Recentemente numa manhã de sexta-feira, ao dar uma volta pela Universidade de Harvard, eu esperava me deparar com uma grande movimentação de estudantes e professores. Quietude impressionante, ruas e calçadas outrora animadas, agora desertas e quase todas as bibliotecas e salas de aula fechadas, bem como quadras esportivas, espaços públicos e museus. Praticamente nenhum edifício, incluindo dormitórios, mostrava sinais de vida. Até nos laboratórios científicos havia somente esqueletos. Ótimo para achar uma vaga para estacionar.
|
Os edifícios estão fechados para o público. Para entrar é preciso apresentar a carteirinha de estudante da universidade. Isso me lembra quando em 1984, só de gozação, tentei entrar no arranha-céu onde fica a Universidade Estadual de Moscou, com o intuito de ser barrado pelos burocratas soviéticos e proibido de entrar.

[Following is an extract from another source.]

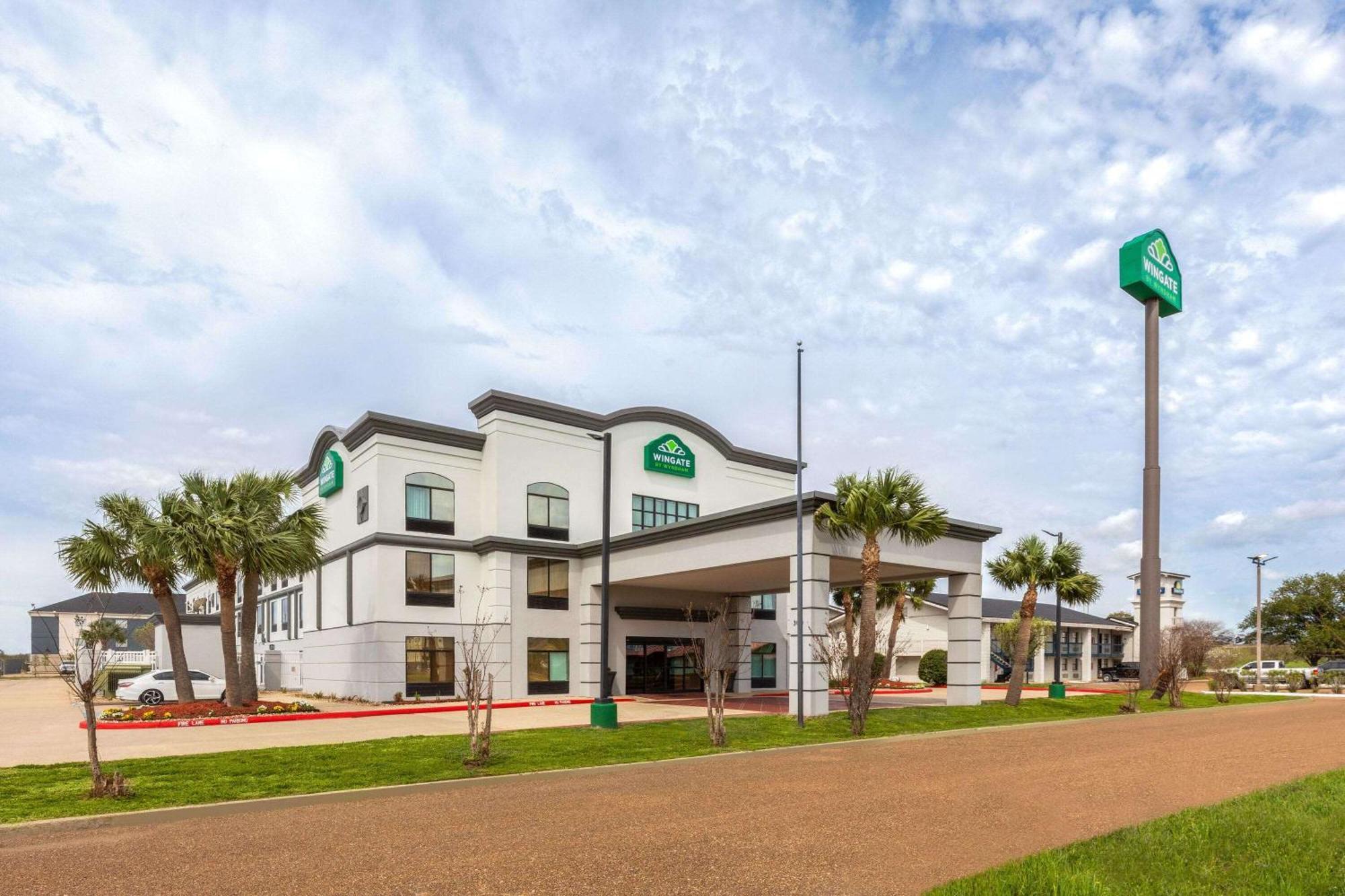 Hotel Wingate By Wyndham Sulphur Near Lake Charles Extérieur photo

Nada em minhas quase sete décadas conhecendo Harvard (que começaram na pré-escola em 1952) me preparou para esta caminhada solitária. Isso me levou a refletir sobre os quatro desafios existenciais que as universidades enfrentam:
|
•Internet. A data da fundação da Universidade de Bolonha em 1088, marca a primeira universidade do Ocidente. Ela continua sendo uma instituição essencialmente medieval com consagrados mestres lecionando estudantes aglomerados. Embora contando com "massivos cursos abertos online", graciosamente conhecidos como MOOCs, que de modo geral não decolaram, a dependência maciça do lecionar no Zoom enfim provou o potencial da Internet no sentido de causar rupturas no arcaico modelo predominante.
•Esquerdismo extremo. O liberalismo acadêmico remonta a um século (ao final da Primeira Guerra Mundial) e seu radicalismo a meio século (à década de 1960). O passar do tempo torna a faculdade cada vez mais radical em seus ensinamentos, entregando-se às raias do absurdo. Este fanatismo incomoda não só os conservadores, os futuros estudantes também percebem a limitada utilidade de um diploma em estudos sobre lésbicas, gays, bissexuais e transgêneros.

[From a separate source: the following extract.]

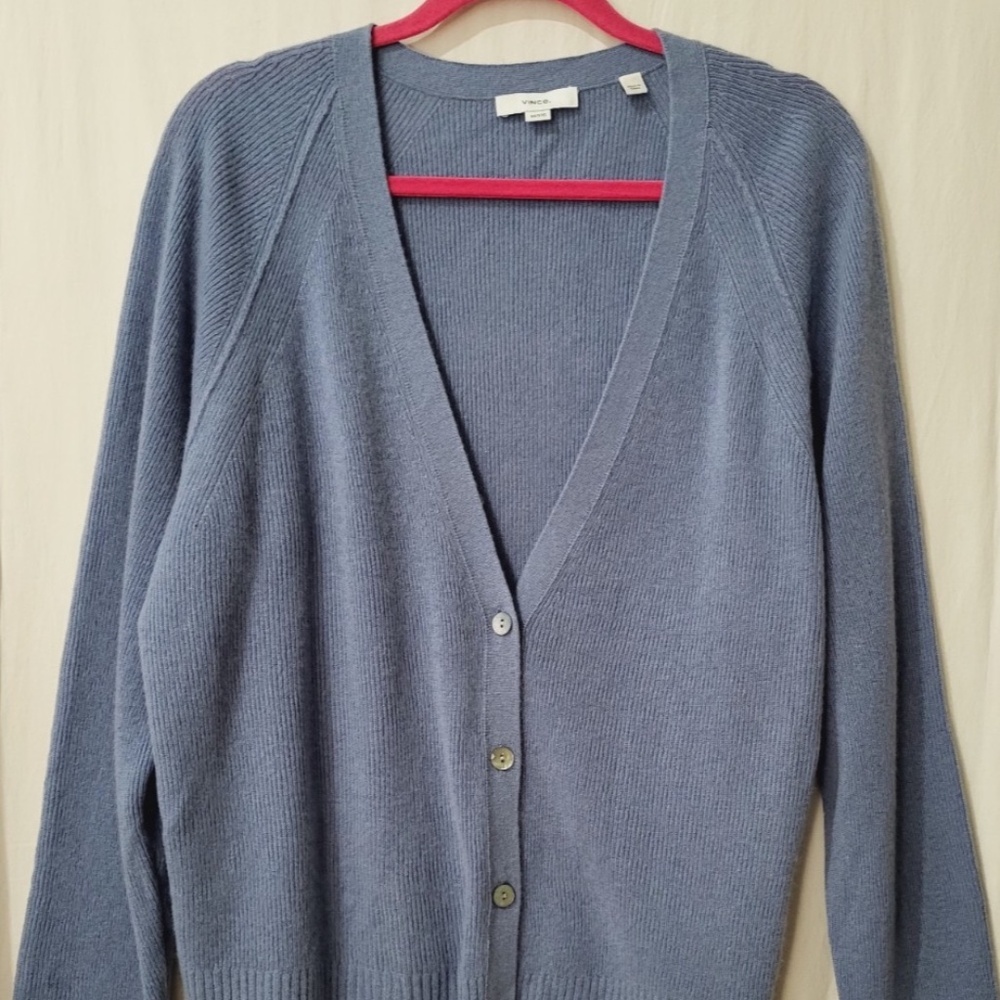 Unworn Vince Cashmere Fine Ribbed V-Neck Cardigan in Blue - Picture 2 of 8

•Preços exorbitantes. Custo da Universidade de Columbia: US$64.380 ao ano compreendendo ensino e taxas (fora moradia). O ensino superior perdeu o papel "lubrificante" da ascendente mobilidade social, explica o especialista em marketing Scott Galloway e virou mais um "sistema de castas" servindo primordialmente aos privilegiados. O staff da universidade "não é mais formado por servidores públicos e sim por produtos de luxo que se embriagam com exclusividade e se gabam por recusarem 80%, depois 85%, depois 90% dos candidatos".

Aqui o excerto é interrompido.